Milan, Italy — The Missoni exhibition that just finished at the MA*GA Art Museum in Gallarate, outside Milan (its next stop is London) was an illuminating overview of a business that is a youthful sixty-something.
There were plenty of decades-old outfits that looked like they could have been designed yesterday. So it was tempting to imagine Angela Missoni being turned on by the oldies-but-goodies as she launched into her new collection. But no, not at all. “I never look back,” she said definitively, after a show that did indeed seem free of any retro Missoni references.
In fact, the collection was remarkable in that it found new things — patterns, colours — to say with a vocabulary that has been well and truly explored. There was a sparky ingenuity at work in the way, for instance, the yarn that was woven into the layers of the opening outfits was also used to make shaggy coats in the same colours, or turned into a scarf of threads.
Oh yes, the scarves. Milan’s been a week of looooooong mufflers. Missoni’s bouncy floor-sweepers were the best. But there were also skinny tasselled ones, lurex ribbons, and massive striped blanket wraps. They were the accent on the voluminous silhouettes: the long coats, the baggy cuffed pants, the huge flares that puddled on the ground. And they were also like colour charts for the collection, the vivid new blues and reds sitting next to the classic Missoni shades.

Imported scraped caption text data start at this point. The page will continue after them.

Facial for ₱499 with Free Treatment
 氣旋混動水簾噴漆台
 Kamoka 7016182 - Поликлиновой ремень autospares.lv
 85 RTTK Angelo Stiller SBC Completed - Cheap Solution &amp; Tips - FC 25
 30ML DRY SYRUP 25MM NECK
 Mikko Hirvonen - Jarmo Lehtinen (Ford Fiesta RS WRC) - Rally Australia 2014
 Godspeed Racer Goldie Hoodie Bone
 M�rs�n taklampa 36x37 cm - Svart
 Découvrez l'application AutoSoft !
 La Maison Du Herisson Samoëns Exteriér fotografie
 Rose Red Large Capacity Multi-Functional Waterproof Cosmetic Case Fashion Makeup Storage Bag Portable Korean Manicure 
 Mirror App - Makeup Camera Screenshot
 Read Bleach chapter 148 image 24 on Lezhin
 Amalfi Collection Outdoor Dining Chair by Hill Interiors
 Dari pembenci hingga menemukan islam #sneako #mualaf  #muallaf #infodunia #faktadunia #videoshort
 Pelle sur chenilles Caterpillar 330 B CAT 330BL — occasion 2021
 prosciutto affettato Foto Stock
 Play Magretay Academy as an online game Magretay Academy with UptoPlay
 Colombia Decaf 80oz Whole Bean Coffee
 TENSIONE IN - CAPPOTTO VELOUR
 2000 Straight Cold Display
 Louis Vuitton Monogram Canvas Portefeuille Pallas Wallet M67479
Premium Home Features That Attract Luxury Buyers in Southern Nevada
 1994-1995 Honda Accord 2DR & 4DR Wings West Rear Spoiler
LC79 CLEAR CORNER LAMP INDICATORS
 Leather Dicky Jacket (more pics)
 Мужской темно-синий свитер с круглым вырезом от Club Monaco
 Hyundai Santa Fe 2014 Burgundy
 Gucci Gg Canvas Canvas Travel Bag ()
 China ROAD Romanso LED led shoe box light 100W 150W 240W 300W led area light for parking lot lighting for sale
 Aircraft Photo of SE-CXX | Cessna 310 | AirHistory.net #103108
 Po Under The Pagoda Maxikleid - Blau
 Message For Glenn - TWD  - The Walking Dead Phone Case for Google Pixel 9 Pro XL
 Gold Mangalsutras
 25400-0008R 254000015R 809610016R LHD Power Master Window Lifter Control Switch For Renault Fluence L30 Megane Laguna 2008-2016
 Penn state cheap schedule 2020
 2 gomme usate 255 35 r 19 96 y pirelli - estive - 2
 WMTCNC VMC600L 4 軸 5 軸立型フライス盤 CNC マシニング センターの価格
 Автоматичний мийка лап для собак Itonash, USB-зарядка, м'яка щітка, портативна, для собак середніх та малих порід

The last few days in Milan have been salutary. Maybe it’s the Gucci renaissance that has sparked the Milanese fashion establishment to fire on all cylinders. Or maybe it was just well past time for these houses to redefine and refresh what they stand for. Like Missoni. Its signature has been boho-deluxe, but sex appeal didn’t necessarily follow artisanal ease. That’s changed. It’s partly the casualness of the trainers-with-everything attitude, but it’s also the way that loose has become louche. This collection ended on dark, fringed metallic knits. Moody glamour? Not bad for a sixty-something.